Jean-Pierre Jouyet, Président de l’Autorité des Marchés Financiers (AMF), Pascal Canfin, Député européen, membre de la commission des affaires économiques et monétaires et vice-président de la commission spéciale sur la crise financière, Olivier Davanne, Associé-fondateur de DPA Invest, société de gestion de portefeuille et administrateur de l’IEFP, François Morin, professeur émérite en sciences économiques à l’université de Toulouse I et auteur du livre « Un monde sans Wall Street ? », ont échangé leurs points de vue, dans ce débat animé par Pascale Micoleau-Marcel, déléguée générale de l’Institut.
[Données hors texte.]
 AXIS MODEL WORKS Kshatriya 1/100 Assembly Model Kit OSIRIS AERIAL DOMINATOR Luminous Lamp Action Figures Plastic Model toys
« Lorsque nous avons choisi le sujet de cette conférence, au début de l’été 2011, a-t-elle souligné en introduction, les marchés étaient déjà bien capricieux mais sans doute pas aussi tyranniques que ces dernières semaines ». Depuis l’été, les marchés dictent leur loi et la principale préoccupation des Européens est de les rassurer. Mais comment avoir confiance dans des marchés qui portent une large part de responsabilité dans la crise de 2007/2008 et qui aujourd’hui, exigent des choses aussi contradictoires que la mise en place de plans d’austérité pour réduire les déficits et la dette, et des perspectives de croissance ?
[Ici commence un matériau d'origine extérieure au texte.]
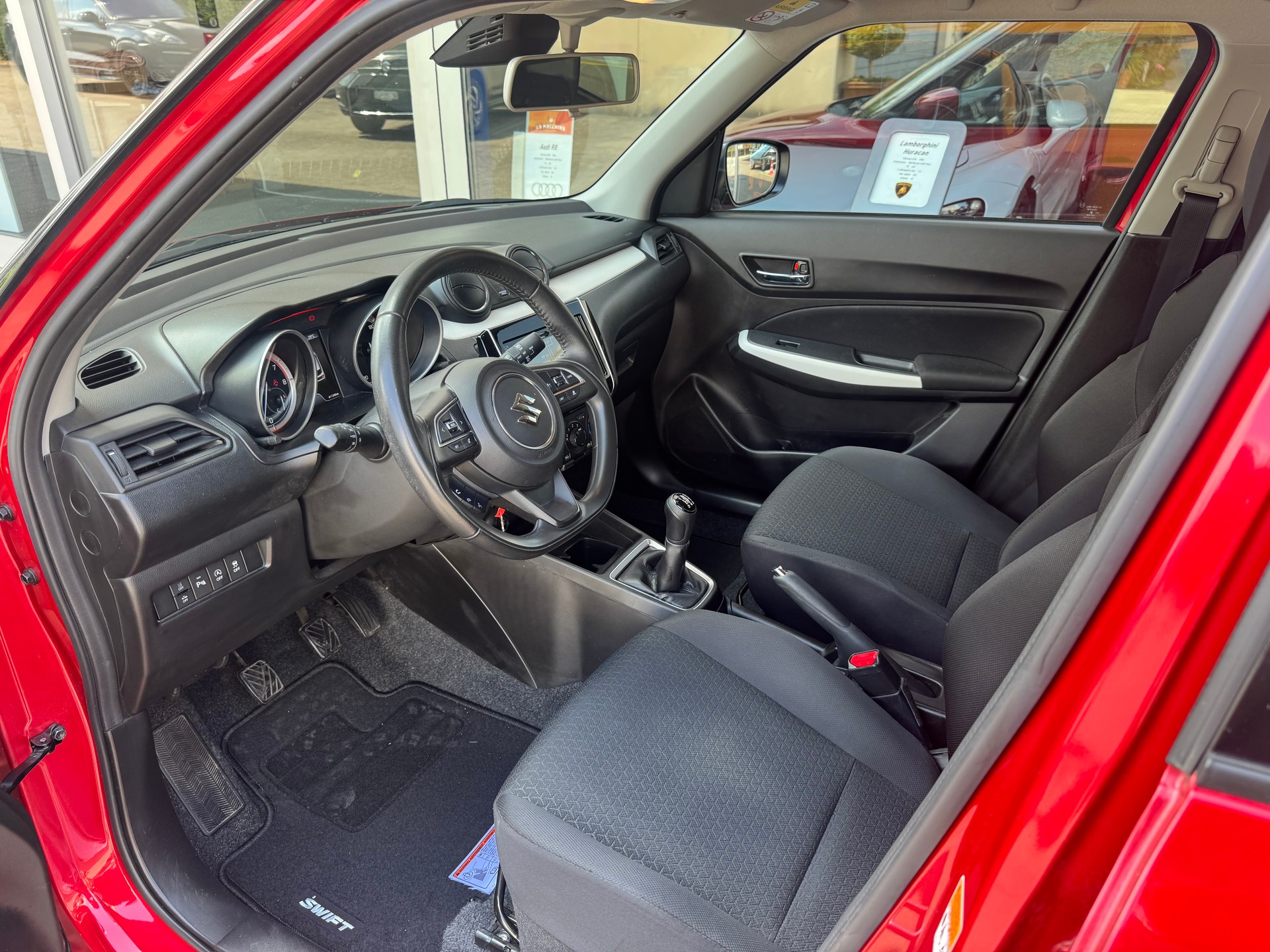 SUZUKI Swift 1.2 Compact + Hybrid-image-4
Dès lors, a-t-elle demandé aux intervenants : « Peut-on faire autrement que de leur faire confiance ? Peut-on se passer d’eux ? Totalement ou partiellement. Et si l’on ne peut pas se passer d’eux, si l’on admet que les marchés financiers sont utiles, dans quel sens faut-il modifier leur fonctionnement pour qu’ils aillent dans le bon sens ? ».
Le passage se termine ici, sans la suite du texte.